When the string "Slot" appears in a line of the records, show the whole line.

[[ Input data open ]]

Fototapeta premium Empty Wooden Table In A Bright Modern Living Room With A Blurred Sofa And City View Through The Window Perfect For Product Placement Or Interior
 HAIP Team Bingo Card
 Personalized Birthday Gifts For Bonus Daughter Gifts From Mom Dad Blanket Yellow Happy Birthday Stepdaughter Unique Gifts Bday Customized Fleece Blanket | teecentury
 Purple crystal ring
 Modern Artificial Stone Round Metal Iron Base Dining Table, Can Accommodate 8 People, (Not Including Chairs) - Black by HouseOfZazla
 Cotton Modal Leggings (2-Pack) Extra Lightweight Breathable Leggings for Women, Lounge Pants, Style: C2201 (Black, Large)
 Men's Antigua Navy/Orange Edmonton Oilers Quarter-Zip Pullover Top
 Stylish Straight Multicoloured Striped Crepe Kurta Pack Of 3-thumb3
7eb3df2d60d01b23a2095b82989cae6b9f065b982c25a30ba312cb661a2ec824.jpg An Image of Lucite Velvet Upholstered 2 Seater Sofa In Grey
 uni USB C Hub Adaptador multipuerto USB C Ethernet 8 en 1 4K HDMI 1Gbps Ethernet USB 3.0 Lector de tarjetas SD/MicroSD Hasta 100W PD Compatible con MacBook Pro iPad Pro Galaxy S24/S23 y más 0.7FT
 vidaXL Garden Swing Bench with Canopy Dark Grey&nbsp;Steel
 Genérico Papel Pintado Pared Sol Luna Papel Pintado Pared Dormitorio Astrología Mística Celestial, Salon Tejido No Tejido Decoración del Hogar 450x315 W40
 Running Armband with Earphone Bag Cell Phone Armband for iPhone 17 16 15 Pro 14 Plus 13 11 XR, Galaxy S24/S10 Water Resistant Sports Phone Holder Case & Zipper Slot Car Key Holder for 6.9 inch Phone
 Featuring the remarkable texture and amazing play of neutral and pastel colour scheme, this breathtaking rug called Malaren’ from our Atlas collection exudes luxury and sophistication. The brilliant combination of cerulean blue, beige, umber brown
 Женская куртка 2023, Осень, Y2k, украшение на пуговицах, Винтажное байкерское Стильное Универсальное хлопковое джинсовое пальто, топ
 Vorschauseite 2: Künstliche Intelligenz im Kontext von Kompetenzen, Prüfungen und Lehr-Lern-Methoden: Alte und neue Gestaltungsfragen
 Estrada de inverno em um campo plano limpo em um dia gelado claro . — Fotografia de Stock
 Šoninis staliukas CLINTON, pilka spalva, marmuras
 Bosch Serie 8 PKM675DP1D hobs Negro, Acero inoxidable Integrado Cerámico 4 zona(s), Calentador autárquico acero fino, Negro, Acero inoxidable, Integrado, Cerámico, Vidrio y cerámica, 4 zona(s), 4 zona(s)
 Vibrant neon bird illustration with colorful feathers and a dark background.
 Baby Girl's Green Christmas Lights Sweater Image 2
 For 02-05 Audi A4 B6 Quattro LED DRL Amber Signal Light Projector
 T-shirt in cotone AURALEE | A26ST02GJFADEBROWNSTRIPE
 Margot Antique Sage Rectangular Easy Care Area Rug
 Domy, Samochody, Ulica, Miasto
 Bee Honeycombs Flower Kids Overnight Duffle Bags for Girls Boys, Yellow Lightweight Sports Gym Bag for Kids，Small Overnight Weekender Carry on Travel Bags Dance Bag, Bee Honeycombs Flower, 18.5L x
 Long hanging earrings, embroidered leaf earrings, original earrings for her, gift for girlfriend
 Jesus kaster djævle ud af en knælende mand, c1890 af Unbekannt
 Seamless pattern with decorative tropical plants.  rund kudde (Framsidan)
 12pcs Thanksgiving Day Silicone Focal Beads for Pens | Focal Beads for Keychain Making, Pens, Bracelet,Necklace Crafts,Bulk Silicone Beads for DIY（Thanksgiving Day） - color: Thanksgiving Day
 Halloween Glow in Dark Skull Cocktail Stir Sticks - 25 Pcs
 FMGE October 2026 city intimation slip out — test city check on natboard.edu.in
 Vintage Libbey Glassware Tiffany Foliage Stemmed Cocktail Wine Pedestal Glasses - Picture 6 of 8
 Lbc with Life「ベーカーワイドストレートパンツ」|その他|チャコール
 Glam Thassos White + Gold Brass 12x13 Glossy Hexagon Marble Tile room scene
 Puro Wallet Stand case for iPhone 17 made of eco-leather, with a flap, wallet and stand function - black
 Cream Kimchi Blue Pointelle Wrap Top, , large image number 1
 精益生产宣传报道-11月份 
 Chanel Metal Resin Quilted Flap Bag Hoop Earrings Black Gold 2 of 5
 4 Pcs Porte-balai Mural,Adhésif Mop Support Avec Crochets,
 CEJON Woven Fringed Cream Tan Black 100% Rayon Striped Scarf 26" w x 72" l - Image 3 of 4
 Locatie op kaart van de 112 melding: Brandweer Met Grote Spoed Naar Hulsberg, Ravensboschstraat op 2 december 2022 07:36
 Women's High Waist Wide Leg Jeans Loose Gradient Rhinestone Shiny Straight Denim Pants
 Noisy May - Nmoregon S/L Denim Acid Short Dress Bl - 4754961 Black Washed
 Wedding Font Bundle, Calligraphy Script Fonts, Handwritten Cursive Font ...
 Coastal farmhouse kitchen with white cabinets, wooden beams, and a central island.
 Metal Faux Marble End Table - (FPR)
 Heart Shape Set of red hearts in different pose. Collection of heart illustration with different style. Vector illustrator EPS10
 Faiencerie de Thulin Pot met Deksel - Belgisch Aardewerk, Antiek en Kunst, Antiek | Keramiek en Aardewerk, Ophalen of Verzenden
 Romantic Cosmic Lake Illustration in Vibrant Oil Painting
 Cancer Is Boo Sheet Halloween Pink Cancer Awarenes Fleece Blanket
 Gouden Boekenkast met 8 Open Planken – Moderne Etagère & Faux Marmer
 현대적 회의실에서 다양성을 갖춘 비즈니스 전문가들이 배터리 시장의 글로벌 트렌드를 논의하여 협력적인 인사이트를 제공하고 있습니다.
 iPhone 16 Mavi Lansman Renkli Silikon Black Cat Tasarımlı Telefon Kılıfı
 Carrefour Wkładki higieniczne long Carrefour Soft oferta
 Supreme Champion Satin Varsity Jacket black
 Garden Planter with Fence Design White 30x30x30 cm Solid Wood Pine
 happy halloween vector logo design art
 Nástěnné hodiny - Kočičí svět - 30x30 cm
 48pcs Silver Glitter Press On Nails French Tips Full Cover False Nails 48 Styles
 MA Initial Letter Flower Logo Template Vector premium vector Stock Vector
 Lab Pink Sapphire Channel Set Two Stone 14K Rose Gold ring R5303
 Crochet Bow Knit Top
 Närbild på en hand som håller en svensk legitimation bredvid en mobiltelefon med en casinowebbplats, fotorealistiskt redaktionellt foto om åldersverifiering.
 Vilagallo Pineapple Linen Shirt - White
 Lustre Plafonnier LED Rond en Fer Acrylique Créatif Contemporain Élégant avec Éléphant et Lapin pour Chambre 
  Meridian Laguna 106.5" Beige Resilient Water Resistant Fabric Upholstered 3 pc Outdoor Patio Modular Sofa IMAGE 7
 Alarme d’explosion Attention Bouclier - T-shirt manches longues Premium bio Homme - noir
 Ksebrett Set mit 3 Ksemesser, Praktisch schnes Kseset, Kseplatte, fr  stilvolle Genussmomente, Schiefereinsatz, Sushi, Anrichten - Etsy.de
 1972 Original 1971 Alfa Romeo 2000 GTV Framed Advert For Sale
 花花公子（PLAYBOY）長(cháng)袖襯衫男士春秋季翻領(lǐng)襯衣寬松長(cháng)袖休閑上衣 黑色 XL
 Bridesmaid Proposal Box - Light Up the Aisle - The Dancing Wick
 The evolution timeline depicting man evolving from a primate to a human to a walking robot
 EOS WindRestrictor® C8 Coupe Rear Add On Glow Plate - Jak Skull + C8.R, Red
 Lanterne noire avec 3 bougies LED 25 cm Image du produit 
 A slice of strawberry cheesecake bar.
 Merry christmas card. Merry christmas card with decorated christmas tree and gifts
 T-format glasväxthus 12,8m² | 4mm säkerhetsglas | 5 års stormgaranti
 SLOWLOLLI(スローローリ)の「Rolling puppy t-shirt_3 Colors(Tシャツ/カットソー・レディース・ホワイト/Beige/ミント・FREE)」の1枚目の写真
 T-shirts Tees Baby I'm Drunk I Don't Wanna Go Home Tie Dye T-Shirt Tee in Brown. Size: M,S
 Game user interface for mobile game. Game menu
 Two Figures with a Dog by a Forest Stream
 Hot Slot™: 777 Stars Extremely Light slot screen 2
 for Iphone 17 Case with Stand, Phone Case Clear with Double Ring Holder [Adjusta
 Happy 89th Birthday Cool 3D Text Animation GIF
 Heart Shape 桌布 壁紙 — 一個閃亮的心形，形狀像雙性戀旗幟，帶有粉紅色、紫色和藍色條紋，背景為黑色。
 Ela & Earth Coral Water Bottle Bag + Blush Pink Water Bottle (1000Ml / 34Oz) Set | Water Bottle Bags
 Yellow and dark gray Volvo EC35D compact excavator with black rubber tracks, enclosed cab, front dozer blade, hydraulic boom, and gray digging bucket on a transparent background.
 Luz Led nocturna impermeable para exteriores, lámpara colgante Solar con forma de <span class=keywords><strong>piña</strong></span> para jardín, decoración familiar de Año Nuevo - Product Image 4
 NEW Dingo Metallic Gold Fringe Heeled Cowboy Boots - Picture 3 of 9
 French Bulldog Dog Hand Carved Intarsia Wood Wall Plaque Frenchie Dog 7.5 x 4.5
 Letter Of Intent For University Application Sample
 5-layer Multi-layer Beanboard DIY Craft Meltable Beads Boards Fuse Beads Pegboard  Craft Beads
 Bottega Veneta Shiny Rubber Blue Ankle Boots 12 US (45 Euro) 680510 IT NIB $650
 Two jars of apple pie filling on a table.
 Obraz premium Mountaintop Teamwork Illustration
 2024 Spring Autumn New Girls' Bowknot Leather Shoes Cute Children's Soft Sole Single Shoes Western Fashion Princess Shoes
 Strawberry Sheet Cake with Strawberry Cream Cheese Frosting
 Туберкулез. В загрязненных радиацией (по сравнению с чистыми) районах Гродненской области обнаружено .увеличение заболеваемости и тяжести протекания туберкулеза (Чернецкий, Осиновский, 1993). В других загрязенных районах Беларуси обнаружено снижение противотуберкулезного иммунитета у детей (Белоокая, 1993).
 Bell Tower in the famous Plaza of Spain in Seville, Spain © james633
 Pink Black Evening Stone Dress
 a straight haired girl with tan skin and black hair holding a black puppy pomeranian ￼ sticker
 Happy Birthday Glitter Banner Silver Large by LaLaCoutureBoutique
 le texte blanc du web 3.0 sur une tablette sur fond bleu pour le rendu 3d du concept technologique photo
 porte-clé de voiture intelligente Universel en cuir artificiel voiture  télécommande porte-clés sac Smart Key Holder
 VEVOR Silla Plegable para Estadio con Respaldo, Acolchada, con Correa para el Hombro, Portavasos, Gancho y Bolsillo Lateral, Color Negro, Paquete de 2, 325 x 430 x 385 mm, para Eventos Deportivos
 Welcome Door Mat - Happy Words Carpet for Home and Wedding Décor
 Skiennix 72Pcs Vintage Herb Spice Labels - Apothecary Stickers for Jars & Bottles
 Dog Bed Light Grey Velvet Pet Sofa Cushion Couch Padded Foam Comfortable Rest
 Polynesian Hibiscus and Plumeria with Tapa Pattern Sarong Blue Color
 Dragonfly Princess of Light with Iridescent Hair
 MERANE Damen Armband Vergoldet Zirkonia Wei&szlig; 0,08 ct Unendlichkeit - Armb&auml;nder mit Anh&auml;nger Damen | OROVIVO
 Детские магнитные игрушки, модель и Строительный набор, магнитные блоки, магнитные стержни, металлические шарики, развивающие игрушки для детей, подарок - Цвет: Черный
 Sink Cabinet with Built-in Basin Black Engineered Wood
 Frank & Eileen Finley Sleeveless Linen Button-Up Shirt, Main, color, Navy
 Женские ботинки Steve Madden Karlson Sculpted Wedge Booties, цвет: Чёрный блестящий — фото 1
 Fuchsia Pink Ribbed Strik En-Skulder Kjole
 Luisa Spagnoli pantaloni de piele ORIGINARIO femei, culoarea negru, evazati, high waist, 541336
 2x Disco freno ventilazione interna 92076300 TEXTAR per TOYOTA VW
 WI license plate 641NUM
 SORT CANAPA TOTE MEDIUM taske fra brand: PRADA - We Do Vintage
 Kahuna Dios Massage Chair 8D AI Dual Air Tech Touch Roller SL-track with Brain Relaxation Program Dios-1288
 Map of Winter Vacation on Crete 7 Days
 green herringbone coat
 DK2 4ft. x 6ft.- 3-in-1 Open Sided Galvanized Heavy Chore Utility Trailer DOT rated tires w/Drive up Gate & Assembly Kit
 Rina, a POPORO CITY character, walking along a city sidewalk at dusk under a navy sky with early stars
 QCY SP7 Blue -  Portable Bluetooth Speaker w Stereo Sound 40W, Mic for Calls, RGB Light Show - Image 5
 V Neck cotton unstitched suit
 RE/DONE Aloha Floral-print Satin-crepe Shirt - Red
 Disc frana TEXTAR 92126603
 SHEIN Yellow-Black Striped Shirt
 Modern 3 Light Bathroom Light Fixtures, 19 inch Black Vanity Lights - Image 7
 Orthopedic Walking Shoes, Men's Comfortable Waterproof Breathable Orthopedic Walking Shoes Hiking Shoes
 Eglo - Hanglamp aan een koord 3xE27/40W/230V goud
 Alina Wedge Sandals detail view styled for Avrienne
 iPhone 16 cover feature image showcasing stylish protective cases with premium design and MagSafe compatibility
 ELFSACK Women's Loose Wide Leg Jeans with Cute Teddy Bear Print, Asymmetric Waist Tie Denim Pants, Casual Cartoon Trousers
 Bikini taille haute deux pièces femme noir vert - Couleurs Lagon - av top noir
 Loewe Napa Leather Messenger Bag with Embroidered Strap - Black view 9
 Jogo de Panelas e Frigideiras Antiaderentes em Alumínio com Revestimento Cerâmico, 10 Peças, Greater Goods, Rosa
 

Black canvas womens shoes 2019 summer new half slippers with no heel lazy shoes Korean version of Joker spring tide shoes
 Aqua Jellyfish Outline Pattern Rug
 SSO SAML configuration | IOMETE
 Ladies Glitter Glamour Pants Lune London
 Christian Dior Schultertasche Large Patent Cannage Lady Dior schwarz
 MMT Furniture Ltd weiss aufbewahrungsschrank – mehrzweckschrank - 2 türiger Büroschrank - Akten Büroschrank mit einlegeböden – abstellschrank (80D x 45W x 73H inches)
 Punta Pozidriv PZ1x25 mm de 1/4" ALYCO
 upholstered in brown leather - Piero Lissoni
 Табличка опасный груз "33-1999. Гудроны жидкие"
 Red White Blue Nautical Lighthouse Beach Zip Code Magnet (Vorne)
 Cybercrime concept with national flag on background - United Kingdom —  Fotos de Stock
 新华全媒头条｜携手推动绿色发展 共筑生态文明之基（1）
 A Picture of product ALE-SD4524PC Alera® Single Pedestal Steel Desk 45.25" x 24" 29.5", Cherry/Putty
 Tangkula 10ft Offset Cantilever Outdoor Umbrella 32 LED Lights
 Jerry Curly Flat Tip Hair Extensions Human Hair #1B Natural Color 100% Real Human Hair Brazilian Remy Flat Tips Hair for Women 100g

[[ Input data closed ]]

*The completed task*:
 Running Armband with Earphone Bag Cell Phone Armband for iPhone 17 16 15 Pro 14 Plus 13 11 XR, Galaxy S24/S10 Water Resistant Sports Phone Holder Case & Zipper Slot Car Key Holder for 6.9 inch Phone
 Hot Slot™: 777 Stars Extremely Light slot screen 2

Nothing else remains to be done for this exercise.